Tolling Agreement Risks

The lifting, measurement and allocation conditions are generally incorporated into the toll agreement; However, these conditions can also be included in a stand-alone agreement signed by all paying customers, which facilitates the flow of information, among other things, for the development of the supply plan for supply of gas, the annual LNG lifting program, the allocation of LNG and by-products, the standards and inspections of ships and the determination of liability. The annual LNG delivery program should be developed on the basis of information provided by all toll customers and implemented indiscriminately. The development of the annual delivery program is generally fluid and involves cooperation between project participants. Through the annual delivery program, the customers they need will drive their LNG by-products and derivatives to third parties, monetizing their gas rights. All project participants collect annual information on planned facility maintenance and dismantling, gas supply forecasts and other relevant projected events that will affect or impact the progress of the delivery program. The annual delivery program is generally refined each month when the 90-day schedule is developed.
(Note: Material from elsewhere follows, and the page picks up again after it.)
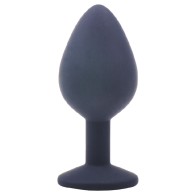 Plug Anal de Silicona Negro Mediano con Diamante Morado para Placer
This schedule reflects changes to the annual delivery program and defines the lifting plan. Toll systems are complex and critical elements of the structure of the LNG project. As part of the toll and repeal agreement, a mechanism is used to allocate LNG to project participants and monetize their gas applications. The number of third-party tolls in the United States is increasing due to increased commercialization of large gas reserves in areas with mature infrastructure and network access to liquefaction facilities. The many North American projects under development and at an early stage of conceptualization certainly show this growth. The royalty structure in a third-party toll contract is generally intended to provide a return at supply levels, as the toll company takes a limited risk.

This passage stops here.